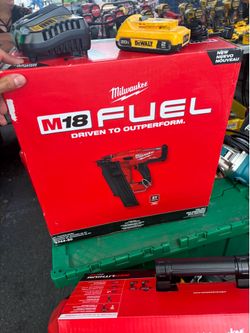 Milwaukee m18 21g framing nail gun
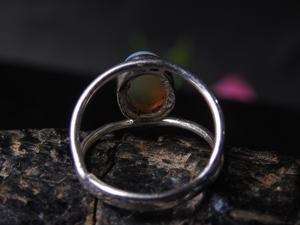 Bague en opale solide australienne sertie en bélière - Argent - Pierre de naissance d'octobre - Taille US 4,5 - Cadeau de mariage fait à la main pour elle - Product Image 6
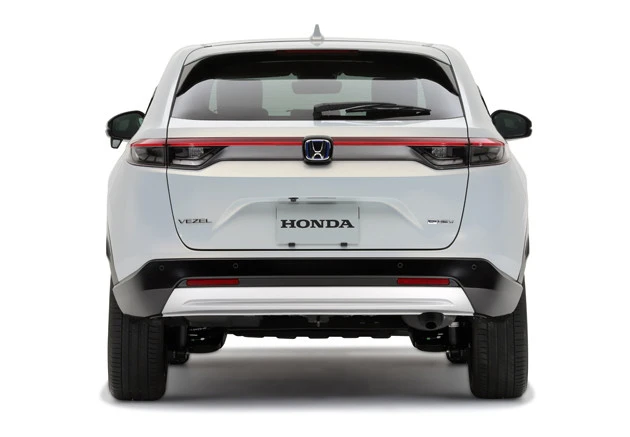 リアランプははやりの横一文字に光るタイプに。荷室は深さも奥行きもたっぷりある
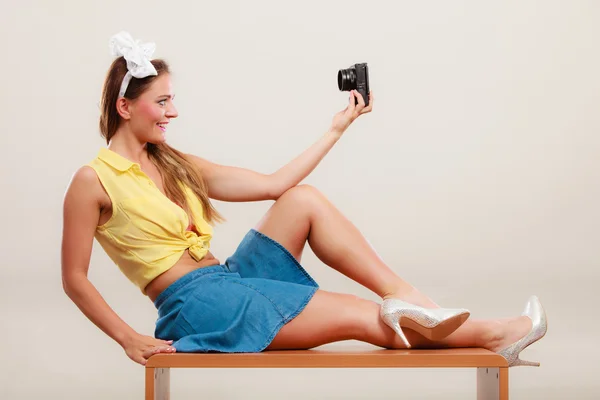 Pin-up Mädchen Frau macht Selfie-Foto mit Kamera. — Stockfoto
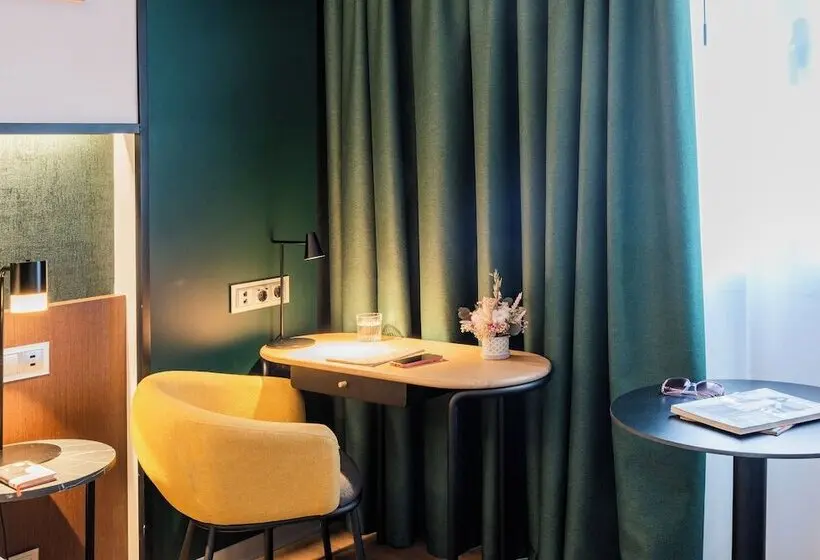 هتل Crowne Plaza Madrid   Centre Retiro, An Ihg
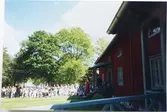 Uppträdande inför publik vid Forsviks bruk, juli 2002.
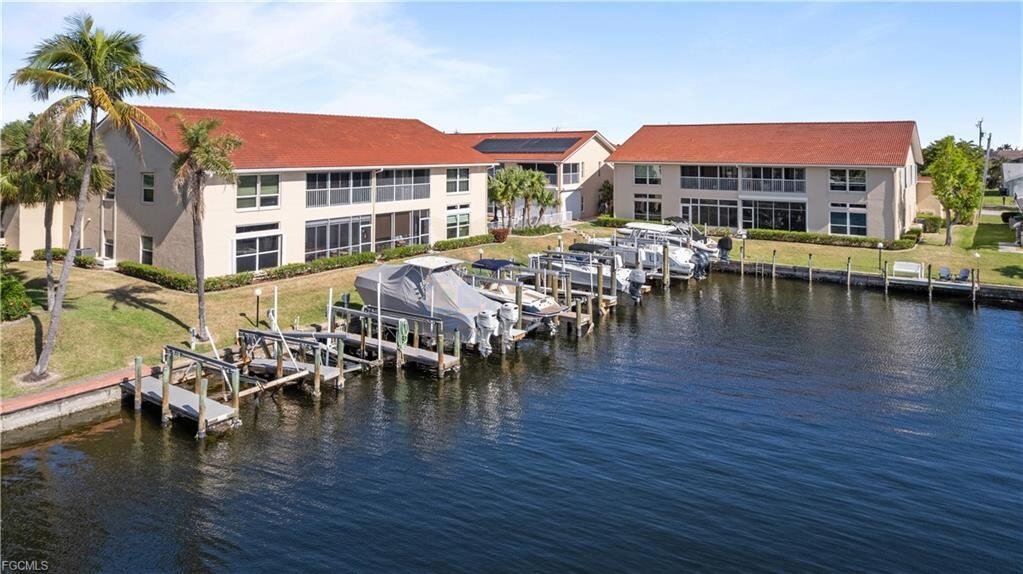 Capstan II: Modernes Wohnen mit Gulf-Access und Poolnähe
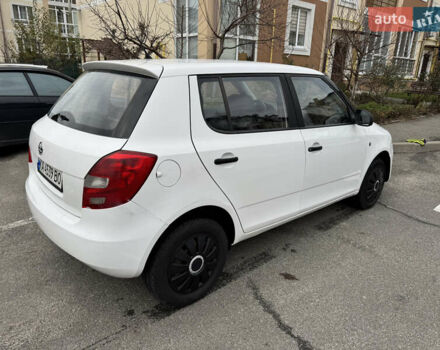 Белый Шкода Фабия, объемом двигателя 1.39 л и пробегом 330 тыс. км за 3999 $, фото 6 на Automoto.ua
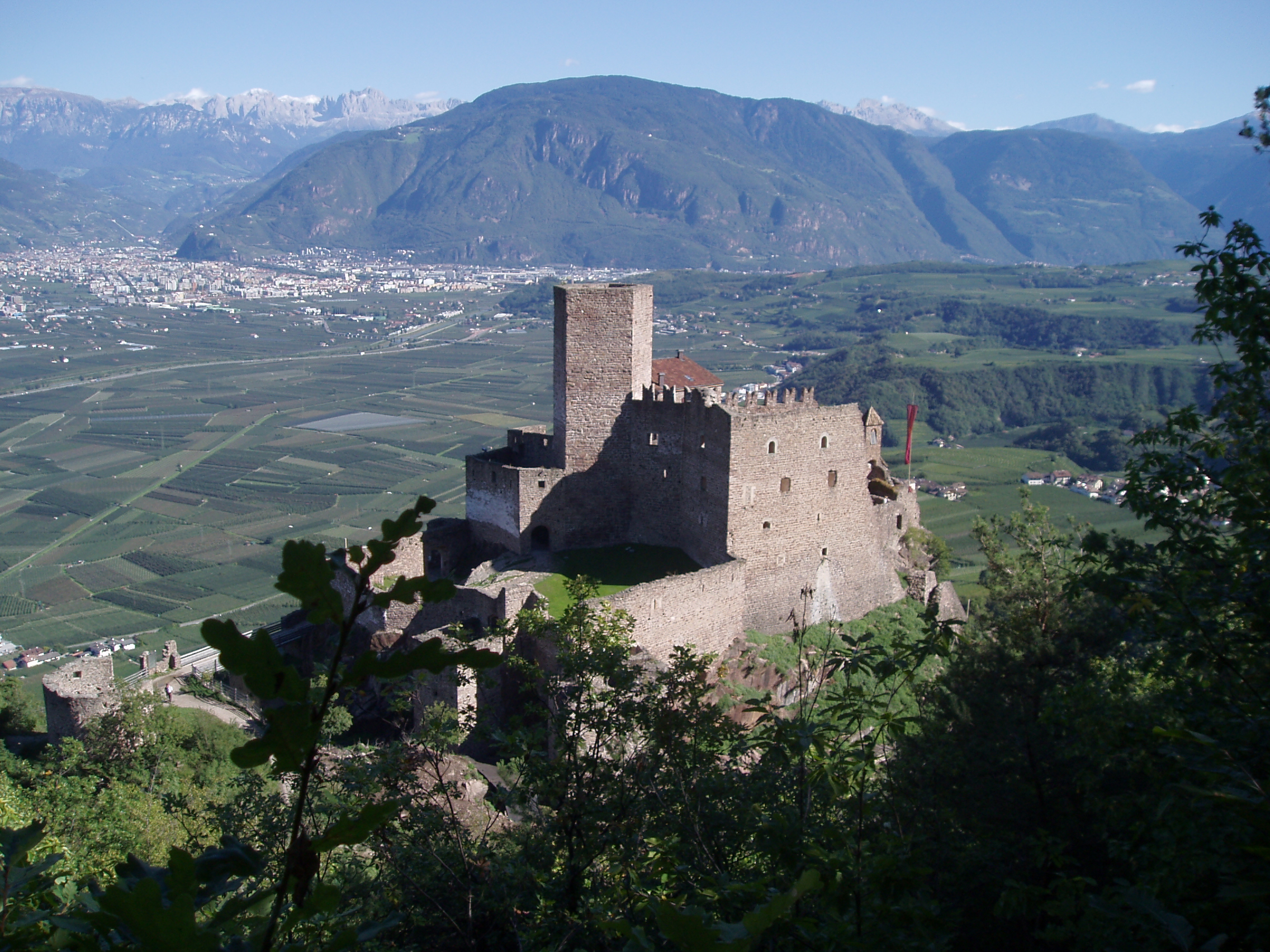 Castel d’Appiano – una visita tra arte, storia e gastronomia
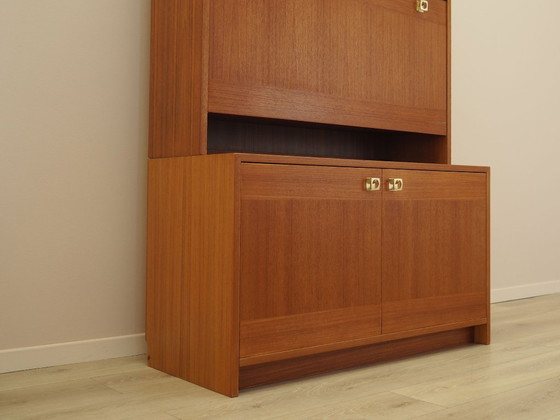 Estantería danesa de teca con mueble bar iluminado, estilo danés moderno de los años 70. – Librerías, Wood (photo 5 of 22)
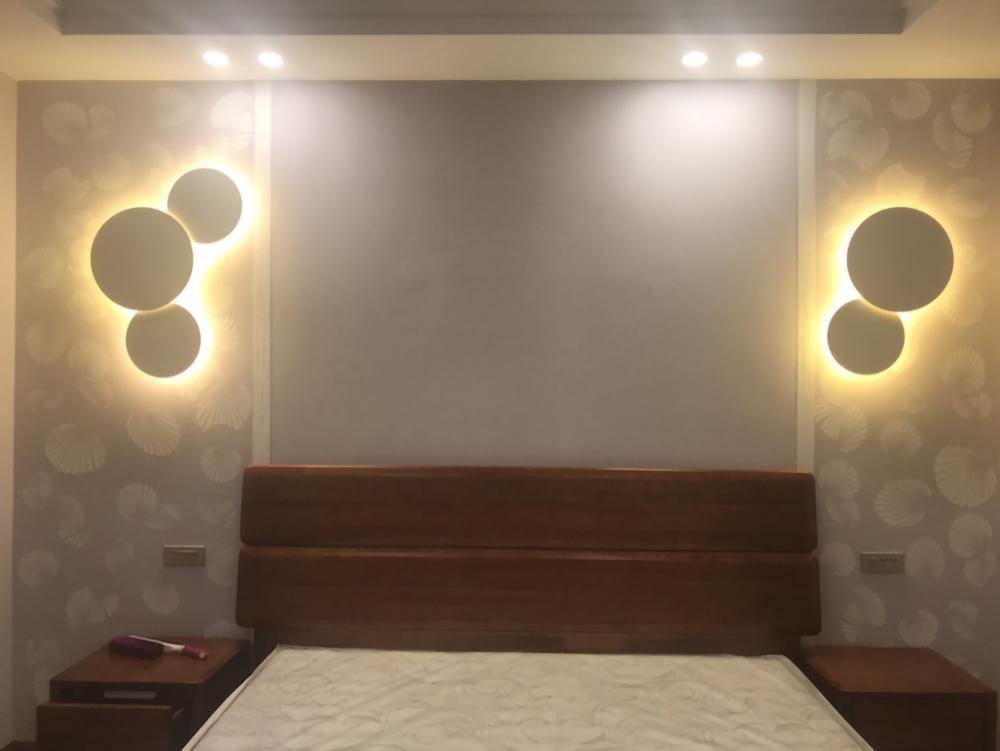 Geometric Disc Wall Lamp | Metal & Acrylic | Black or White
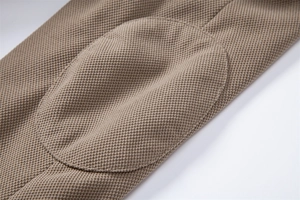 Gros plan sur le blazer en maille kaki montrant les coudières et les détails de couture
---
-- EXERCISE GOAL --
Only the lines from the beginning of the records through the line bearing "Uppträdande inför publik" belong in the answer, copied word for word with pictures left out.

-- RESULT OF THIS TASK --
 Milwaukee m18 21g framing nail gun
 Bague en opale solide australienne sertie en bélière - Argent - Pierre de naissance d'octobre - Taille US 4,5 - Cadeau de mariage fait à la main pour elle - Product Image 6
 リアランプははやりの横一文字に光るタイプに。荷室は深さも奥行きもたっぷりある
 Pin-up Mädchen Frau macht Selfie-Foto mit Kamera. — Stockfoto
 هتل Crowne Plaza Madrid   Centre Retiro, An Ihg
 Uppträdande inför publik vid Forsviks bruk, juli 2002.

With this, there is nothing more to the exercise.